EXERCISE BRIEF:
Show every line below where "klassisk" appears.

───

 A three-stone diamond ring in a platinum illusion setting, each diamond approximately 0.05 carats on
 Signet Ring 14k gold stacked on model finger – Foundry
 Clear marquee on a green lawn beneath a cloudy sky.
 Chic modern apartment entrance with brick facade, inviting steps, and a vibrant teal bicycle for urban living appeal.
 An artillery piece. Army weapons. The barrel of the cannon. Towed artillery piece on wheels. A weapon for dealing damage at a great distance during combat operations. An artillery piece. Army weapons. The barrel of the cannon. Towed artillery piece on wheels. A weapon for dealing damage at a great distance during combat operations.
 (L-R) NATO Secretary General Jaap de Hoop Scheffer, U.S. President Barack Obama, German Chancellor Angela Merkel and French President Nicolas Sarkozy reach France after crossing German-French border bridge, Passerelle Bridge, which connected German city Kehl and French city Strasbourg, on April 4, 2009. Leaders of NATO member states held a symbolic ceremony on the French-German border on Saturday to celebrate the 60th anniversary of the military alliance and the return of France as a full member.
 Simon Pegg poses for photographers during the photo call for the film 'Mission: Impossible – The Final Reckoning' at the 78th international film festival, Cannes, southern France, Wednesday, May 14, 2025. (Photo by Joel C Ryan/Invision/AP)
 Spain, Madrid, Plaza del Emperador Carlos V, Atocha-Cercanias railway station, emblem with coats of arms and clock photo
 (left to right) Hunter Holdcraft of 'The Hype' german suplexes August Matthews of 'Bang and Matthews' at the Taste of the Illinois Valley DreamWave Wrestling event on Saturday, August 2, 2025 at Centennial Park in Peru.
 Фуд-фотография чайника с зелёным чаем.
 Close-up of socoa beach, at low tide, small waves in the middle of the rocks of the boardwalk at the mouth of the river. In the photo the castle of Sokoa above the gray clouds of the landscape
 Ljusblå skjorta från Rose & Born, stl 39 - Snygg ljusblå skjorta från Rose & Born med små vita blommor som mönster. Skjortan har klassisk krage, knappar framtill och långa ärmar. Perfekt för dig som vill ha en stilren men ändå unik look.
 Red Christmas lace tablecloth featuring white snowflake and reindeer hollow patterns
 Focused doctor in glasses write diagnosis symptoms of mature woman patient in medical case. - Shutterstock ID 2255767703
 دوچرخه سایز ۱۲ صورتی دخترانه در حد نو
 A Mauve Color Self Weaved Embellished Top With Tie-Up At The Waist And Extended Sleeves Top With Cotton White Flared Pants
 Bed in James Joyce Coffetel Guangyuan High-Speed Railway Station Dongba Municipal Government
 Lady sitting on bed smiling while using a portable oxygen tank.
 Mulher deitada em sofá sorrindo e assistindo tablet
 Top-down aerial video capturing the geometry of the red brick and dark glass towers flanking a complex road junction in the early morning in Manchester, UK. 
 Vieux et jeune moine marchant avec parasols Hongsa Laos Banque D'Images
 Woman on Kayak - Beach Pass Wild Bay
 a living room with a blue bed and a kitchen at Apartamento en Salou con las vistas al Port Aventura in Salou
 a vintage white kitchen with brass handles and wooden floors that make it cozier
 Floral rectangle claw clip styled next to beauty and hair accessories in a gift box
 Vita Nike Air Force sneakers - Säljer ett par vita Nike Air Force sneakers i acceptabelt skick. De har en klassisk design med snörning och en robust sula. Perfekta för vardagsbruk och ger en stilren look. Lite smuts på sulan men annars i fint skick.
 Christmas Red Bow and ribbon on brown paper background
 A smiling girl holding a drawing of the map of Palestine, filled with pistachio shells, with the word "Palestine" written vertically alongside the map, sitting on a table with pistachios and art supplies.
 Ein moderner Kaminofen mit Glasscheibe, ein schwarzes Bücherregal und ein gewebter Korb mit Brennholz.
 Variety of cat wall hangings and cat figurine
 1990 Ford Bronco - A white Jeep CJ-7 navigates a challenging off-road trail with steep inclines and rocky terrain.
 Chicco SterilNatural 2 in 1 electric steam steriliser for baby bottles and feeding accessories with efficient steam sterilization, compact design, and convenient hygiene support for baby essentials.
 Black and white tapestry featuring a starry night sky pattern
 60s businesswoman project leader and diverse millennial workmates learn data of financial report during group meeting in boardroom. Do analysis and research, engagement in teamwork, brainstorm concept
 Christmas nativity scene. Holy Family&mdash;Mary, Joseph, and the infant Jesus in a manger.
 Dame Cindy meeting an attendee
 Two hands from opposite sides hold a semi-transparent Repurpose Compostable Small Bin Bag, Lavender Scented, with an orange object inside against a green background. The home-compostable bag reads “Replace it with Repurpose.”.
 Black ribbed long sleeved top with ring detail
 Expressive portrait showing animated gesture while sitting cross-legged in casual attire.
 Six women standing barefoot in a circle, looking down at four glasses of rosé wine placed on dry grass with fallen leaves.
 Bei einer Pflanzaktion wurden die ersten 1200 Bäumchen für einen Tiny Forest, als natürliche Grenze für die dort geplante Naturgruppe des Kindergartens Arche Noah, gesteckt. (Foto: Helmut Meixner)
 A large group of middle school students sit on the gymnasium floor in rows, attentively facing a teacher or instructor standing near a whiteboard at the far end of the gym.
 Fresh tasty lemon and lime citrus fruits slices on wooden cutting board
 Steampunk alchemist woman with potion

───

EXERCISE RESPONSE:
 Ljusblå skjorta från Rose & Born, stl 39 - Snygg ljusblå skjorta från Rose & Born med små vita blommor som mönster. Skjortan har klassisk krage, knappar framtill och långa ärmar. Perfekt för dig som vill ha en stilren men ändå unik look.
 Vita Nike Air Force sneakers - Säljer ett par vita Nike Air Force sneakers i acceptabelt skick. De har en klassisk design med snörning och en robust sula. Perfekta för vardagsbruk och ger en stilren look. Lite smuts på sulan men annars i fint skick.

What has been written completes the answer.